Top enterprise analytics trends for 2020
The top 10 enterprise analytics trends to watch in 2020 have been announced by MicroStrategy in collaboration with analysts and influencers from Forrester, IDC, Constellation Research, Ventana Research and others.
Deep learning delivers a competitive advantage
“In 2020, the spotlight on deep learning will be the nexus between knowing and doing. No longer just a buzzword, the pragmatic advent of deep learning to predict and understand human behavior is a tempest disruptor in how companies will perform with intelligence against their competitors.” – Frank J. Bernhard, Chief Data Officer and Author, “SHAPE—Digital Strategy by Data and Analytics”.

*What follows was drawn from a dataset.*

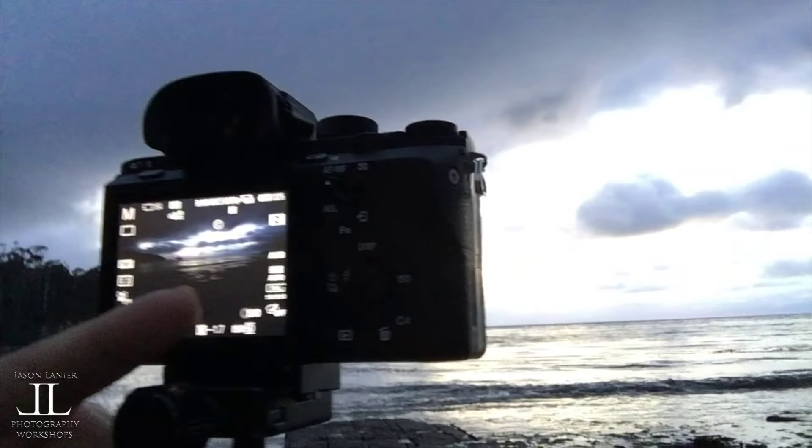I don't have an ND filter with me today because I was out. We didn't plan on doing this. This is just — hey, I haven't done a sunrise for a while, so why not?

AutoML improves the ROI of data science initiatives
“Machine learning is one of the fastest-evolving technologies in recent years, and the demand for development in machine learning has increased exponentially. This rapid growth of machine learning solutions has created a demand for ready-to-use machine learning models that can be used easily and without expert knowledge.” – Marcus Borba, Founder and Principal Consultant, Borba Consulting.

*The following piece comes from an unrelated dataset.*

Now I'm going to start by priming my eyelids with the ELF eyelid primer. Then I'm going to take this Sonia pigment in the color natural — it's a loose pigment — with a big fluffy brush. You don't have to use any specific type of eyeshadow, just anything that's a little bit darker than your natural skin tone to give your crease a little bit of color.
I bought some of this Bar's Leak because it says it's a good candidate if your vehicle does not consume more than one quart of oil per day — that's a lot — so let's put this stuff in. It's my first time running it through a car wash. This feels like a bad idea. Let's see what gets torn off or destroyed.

The semantic graph becomes paramount to delivering business value
“The semantic graph will become the backbone supporting data and analytics over a constantly changing data landscape. Organizations not using a semantic graph are at risk of seeing the ROI for analytics plummet due to growing complexity and resulting organizational costs.” – Roxane Edjlali, Senior Director, Product Management, MicroStrategy and former Gartner analyst.
Human insight becomes even more important as data volumes increase
“As more and more knowledge workers become comfortable working with data, they should also become conversant with data ethnography, or the study of what the data relates to, the context in which it was collected, and the understanding that data alone might not give them a complete picture.” – Chandana Gopal, Research Director, IDC.

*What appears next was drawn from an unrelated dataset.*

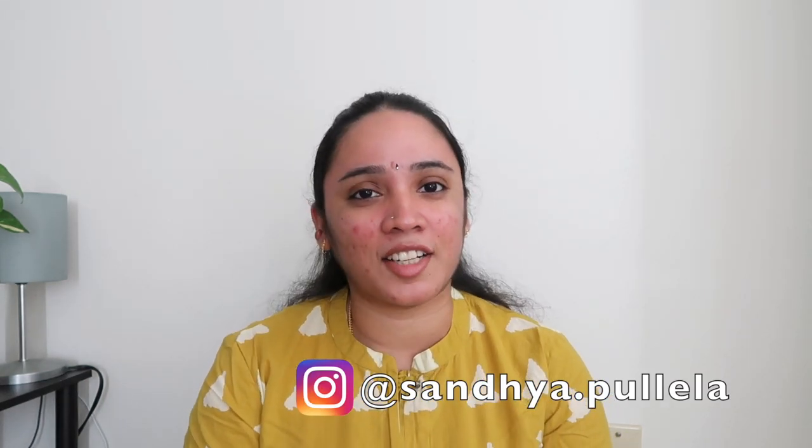Hello everyone, I am Sandhya. Welcome back to my channel. Today I will share my paintings with a collection.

Next-gen embedded analytics speeds time to insights
“Concise analytics delivered in the context of specific applications and interfaces speed decision making. This style of embedding and the curation of concise, in-context analytics can take more time, but with advances including no-code and low-code development methods, we’re seeing rising adoption of next-generation embedding.” – Doug Henschen, VP and Principal Analyst, Constellation Research.
The need to combine data sources continues to grow
“We expect to see a continued focus on data diversity. Organizations rarely have a single standard platform for their data and analytics and multiple tools are used to access the data. The need to combine these data sources will only continue to grow.” – David Menninger, SVP and Research Director, Ventana Research.
Data-driven upskilling becomes an enterprise requirement
“Enterprise organizations will need to focus their attention not just on recruiting efforts for top analytics talent, but also on education, reskilling, and upskilling for current employees as the need for data-driven decision making increases—and the shortage of talent grows.” – Hugh Owen, Executive Vice President, Worldwide Education, MicroStrategy.
AI is real and ready
“Next year, more of these confident CDAOs and CIOs will see to it that data science teams have what they need in terms of data so that they can spend 70%, 80%, or 90% of their time actually modeling for AI use cases.” – Srividya Sridharan, Mike Gualteri, J.P. Gownder, Craig Le Clair, Ian Jacobs, Andrew Hogan, Predictions 2020: Artificial Intelligence—It’s Time to Turn the Artificial Into Reality (Checks), Forrester, October 30, 2019.
Mobile intelligence evolves for 2020 and beyond
“Half of organizations will re-examine their use of mobile devices and conclude that their technology does not adequately address the needs of their workers, leading them to examine a new generation of mobile applications that enable a better work experience and far more effective connectivity to the rest of the organization and to customers.” – Mark Smith, CEO and Chief Research Officer, Ventana Research.
The future of experience management is powered by AI
“As apps get decomposed by business process to headless microservices, automation and intelligence will play a big role in creating mass personalization and mass efficiencies at scale. The Intelligent Enterprise will take context and data to power next best actions.” – R “Ray” Wang, Founder and Principal Analyst, Constellation Research.